I am not interested in "getting out", as I AM out since 1 year, having then even reduced my Berkshire holdings 1/3. My mentality is that of a skeptic, doubting everything. That led me to miss this many years long bull run --- and to an affinity for shorting. That worked well with Berkshire 2024/25 --- and ended badly before with T... (the stock with the unspeakable name) and SaaS.
Lesson: I might be correct regarding direction, but my timing is shitty. Too early in, too early out, missing the best. So because of my affinity to shorting my heretic question is about timing that (doubly heretic: Shorting+Timing).
Jim (and others), let´s assume for a moment you´d have so much conviction that "it´s over" and reversion to the mean (or rather below) is coming, that you´d intend to use that with puts, BIG (Gambling, the 3rd heresy).

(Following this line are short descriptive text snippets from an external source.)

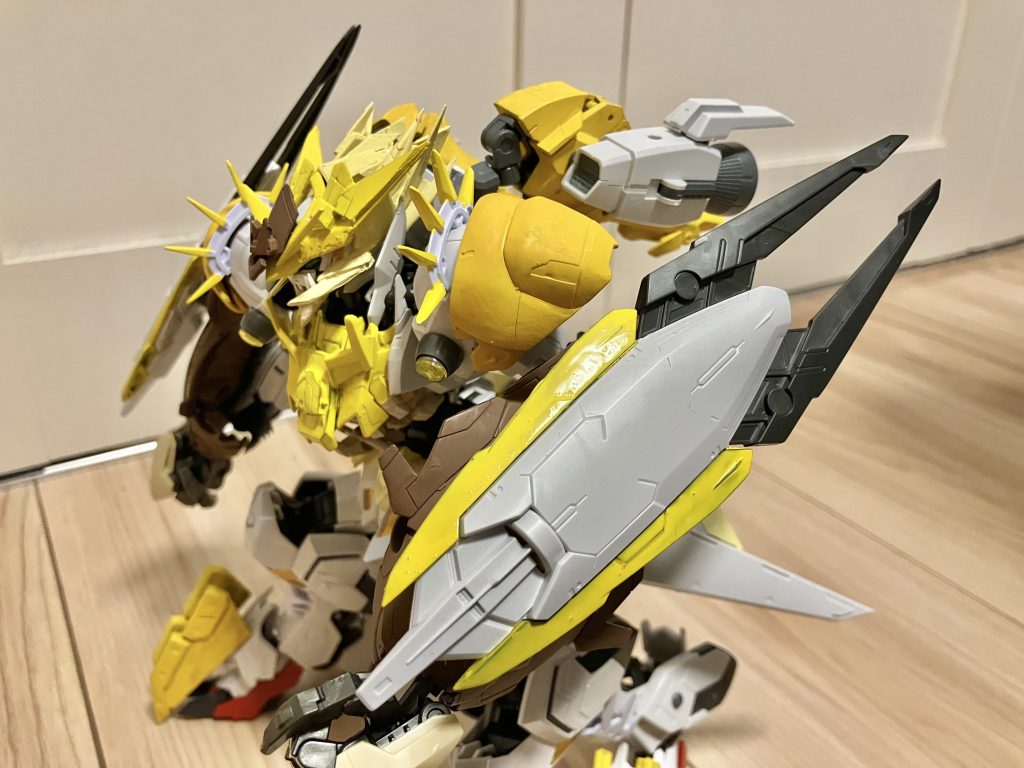 以前の投稿だと変化がわかりにくかったので今回改めてギミックに関する写真を投稿しました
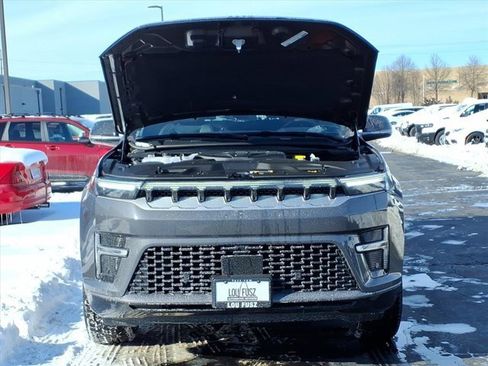 New 2026 Jeep Grand Wagoneer image 21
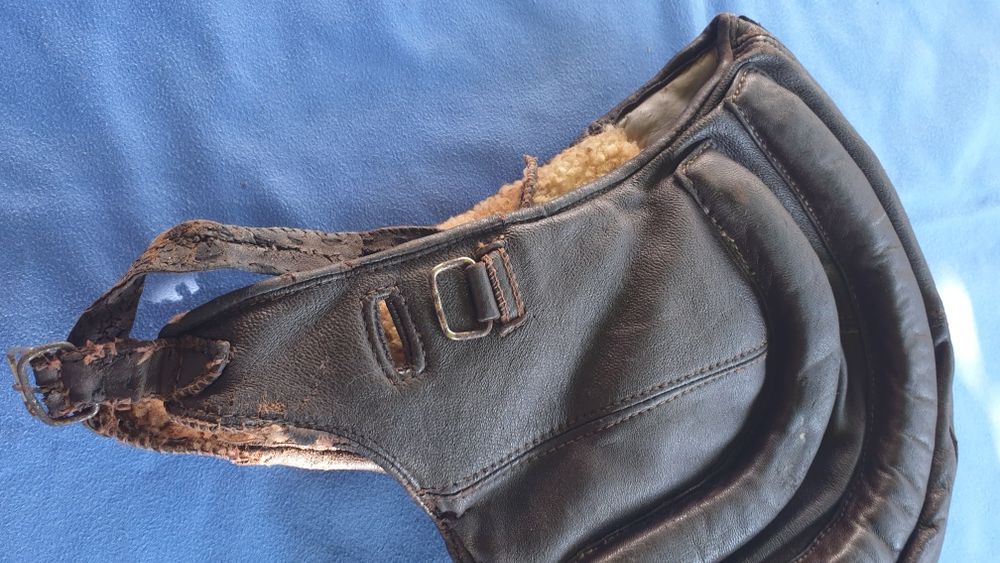 Немска карбидна лампа от Втората световна война и Стар авиаторски шлем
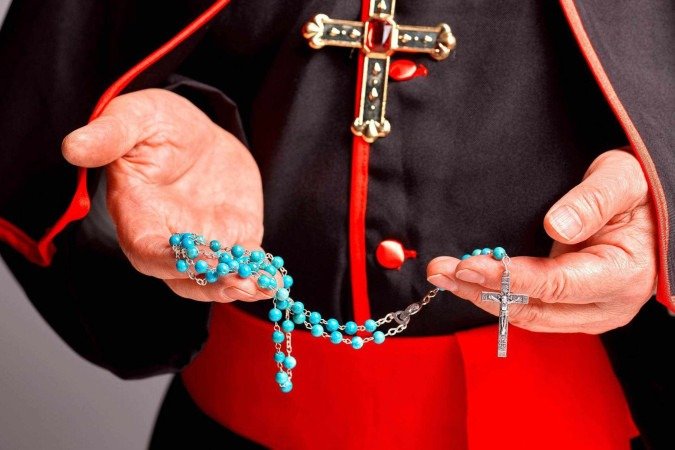 O título de cardeal foi originalmente dado ao sacerdote sênior das igrejas paroquiais romanas - (crédito: Edison Veiga) O título de cardeal foi originalmente dado ao sacerdote sênior das igrejas paroquiais romanas - (crédito: Edison Veiga)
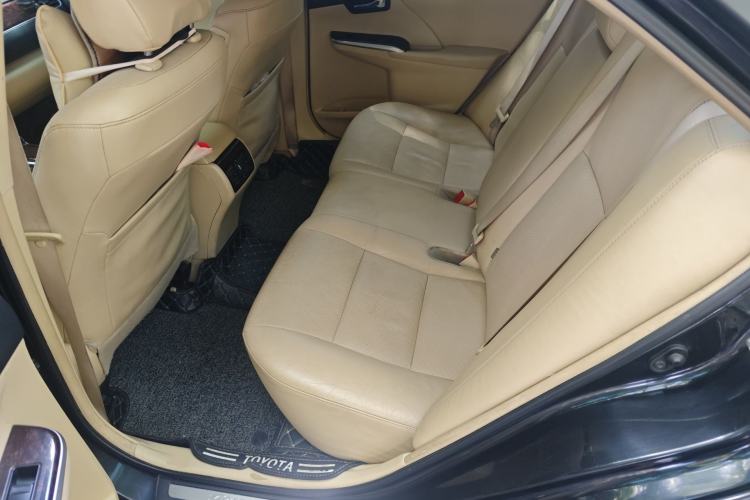 Used Toyota Camry 2016 2.0G 10th Anniversary Leading Edition Left Rear Seat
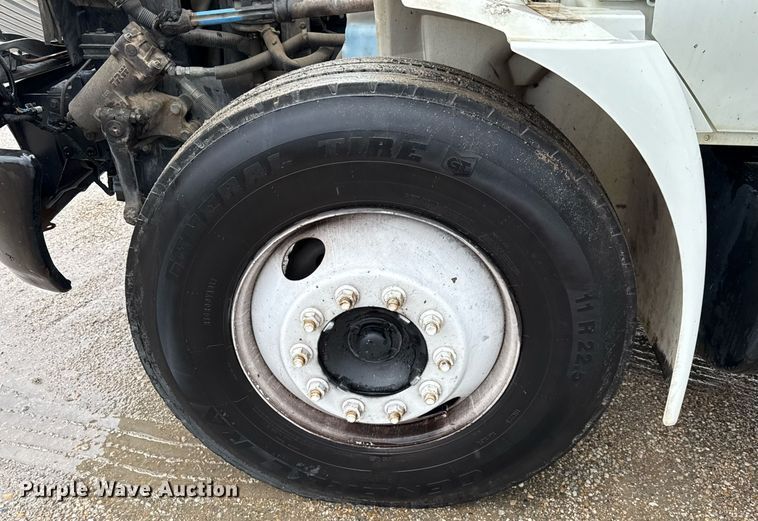 image for item ED5607 2003 International 4300 utility / service truck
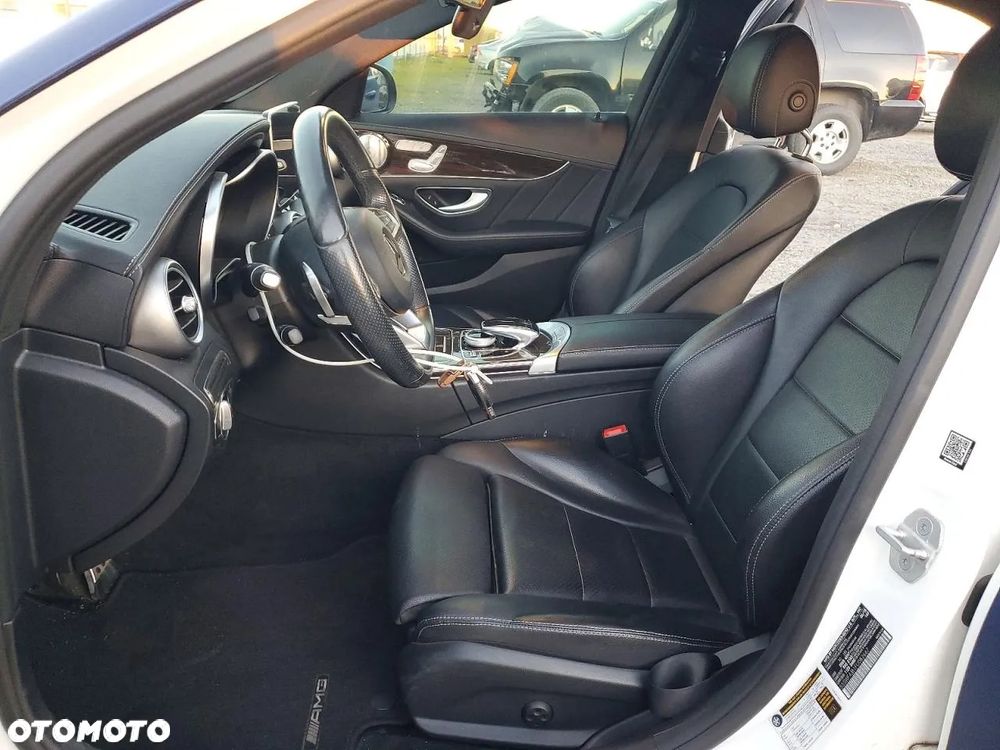 Mercedes-Benz Klasa C 300 9G-TRONIC - 8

Since 2-3 months I am short Palantir+Nvidia, but not in a big way. WHEN would you go in big with puts (Yes, I know: "Never!!!" --- try to see it hypothetical; I am responsible for bad outcomes of my actions, not you). With a good part of the Mag 7 already 20-30% down from their highs (Meta, Amazon, Microsoft, Palantir): Is it already too late?

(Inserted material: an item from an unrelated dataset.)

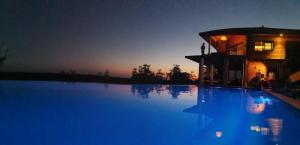 Maisons d'hotes Le Bivouac bivouacbyalain : Villa avec Piscine Privée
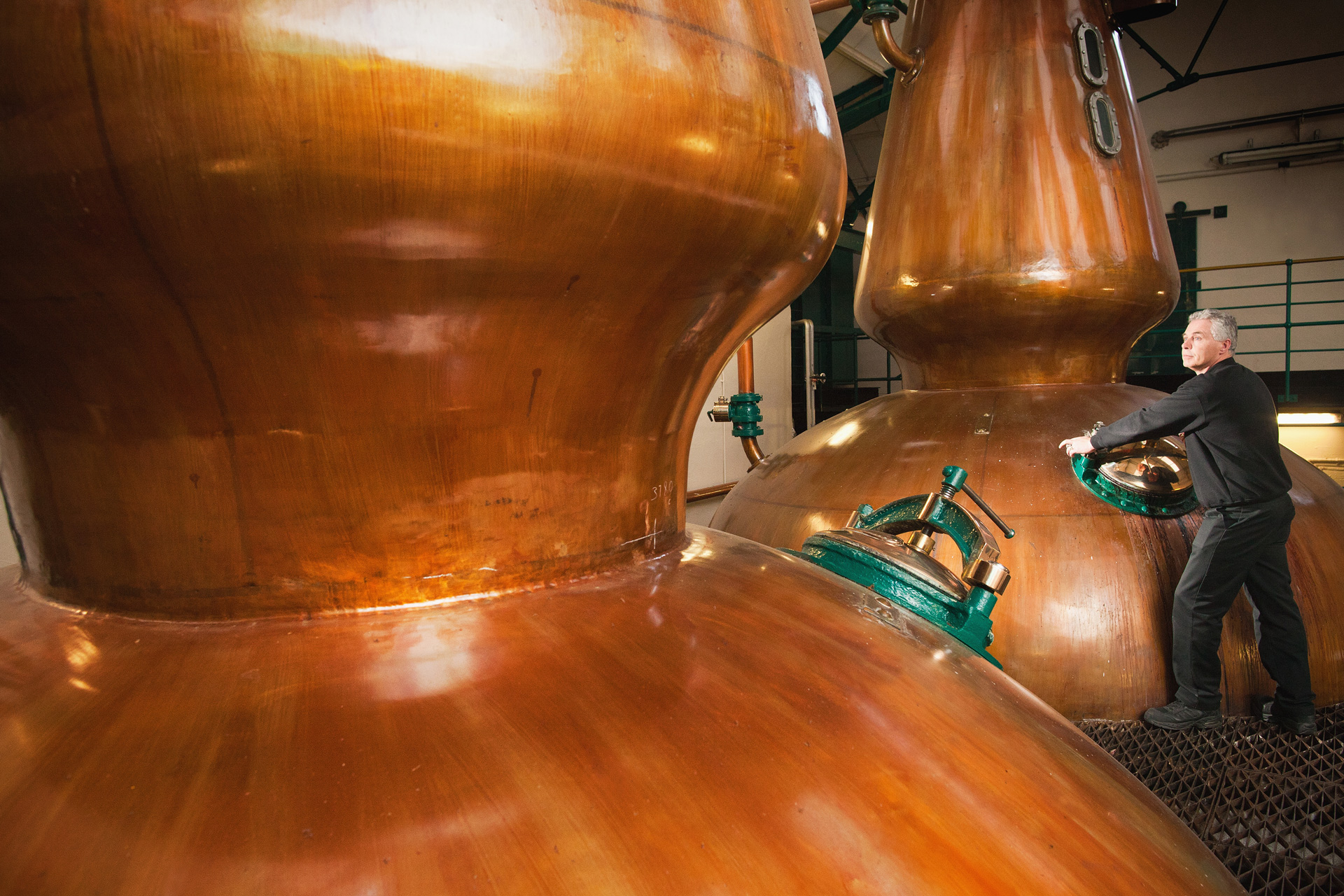 Des distillateurs innovants fabriquent des whiskies fumés (ne les appelez simplement pas «Scotch»), Devis couvreur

2nd part: With WHAT would you go in big? Puts on what (Mag 7 only seems too risky)?
No. of Recommendations: 23
It's not an unfair summary of a comment I made.
But the lesson from it that I intended by the observation was: don't try to call the top. It's hard, and there is no hurry, so don't try. Tops tend to be rounded (though jagged), not spikey, if you know what I mean. So one can usually (this is a statistical thing) just wait till there has been no new high for 3-5 months and THEN sell, without having given up much. It is exceedingly rare to see a drop in prices shortly after a recent market high that is both meaningful and lasting. (if a bull market has been the norm lately, people have been conditioned to buy every dip, so any big dip shortly after a recent top tends to see a strong rebound--1987, 2020, whatever)
Right now we seem to be in an ongoing bull market, whether it makes sense or not. The broad US market hit a fresh recent high only 11 trading days ago. Consequently I don't expect a bear market to be imminent, despite nosebleed valuations in so many places. (again, speaking statistically: anything can happen with prices, but it seems unlikely)
Comments above relate to the broad US market, not individual equities around the world. And of course the comments have nothing to do with valuation levels. Different games, different rules of thumb.
Jim
No. of Recommendations: 3
No. of Recommendations: 7
On Bear markets, Ken Fisher says " They are characterized by a slow, rolling start, often delivering roughly one-third of the total decline in the first two-thirds of the time. "
and "Corrections vs. Bears: He differentiates between quick, sentiment-driven "corrections" (usually -10% to -20%) and full "bear markets," advising investors not to treat every decline as a major crisis."
That's why you have plenty of time to get out.
The average bear market lasts about 14 months. For a 30% decline you've got 4 1/2 months to get out for only the 10% loss, to sidestep the other 20% loss.
When I ran a timing backtest using a 43 week (10 month) SMA on the S&P500 the best result was not selling until 4 consecutive weeks of the close below the SMA. Being more hasty had worse results.
The problem [some] people have is they sell out when they see a hiccup and are out when the market recovers from the pothole shortly thereafter.
let´s assume for a moment you´d have so much conviction that "it´s over"
The S&P 500 is currently down only -2.1% from its all-time high.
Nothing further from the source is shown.